Record set START

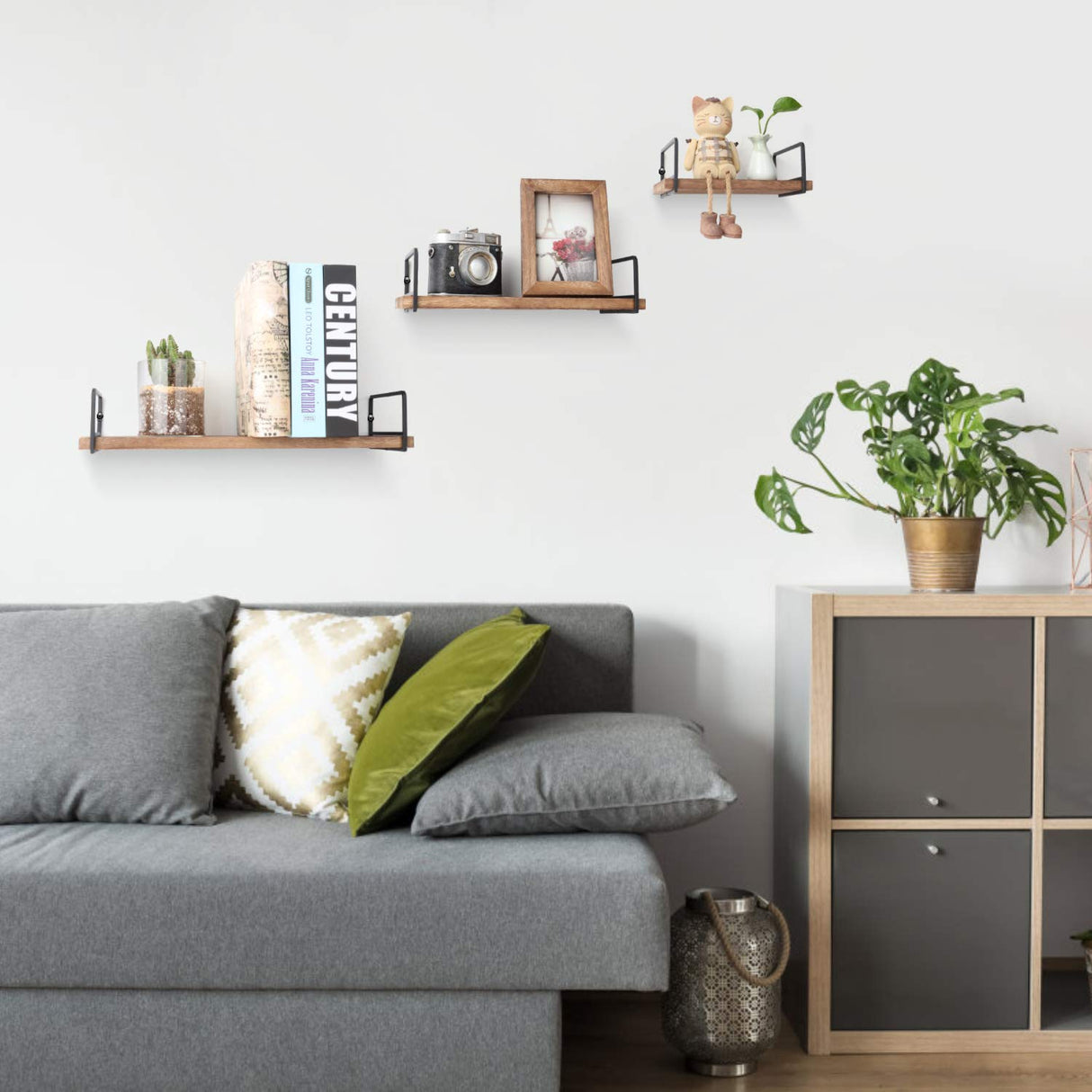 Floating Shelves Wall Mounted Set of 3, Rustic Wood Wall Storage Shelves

Record set END
Record set START

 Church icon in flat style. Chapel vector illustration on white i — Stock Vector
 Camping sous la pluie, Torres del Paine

Record set END

» How to complete this task
Reproduce exactly the lines above from the line with "Church icon in" to the line with "Camping sous la pluie, Torres del Paine", including both, and add nothing.

» Answer to this exercise
 Church icon in flat style. Chapel vector illustration on white i — Stock Vector
 Camping sous la pluie, Torres del Paine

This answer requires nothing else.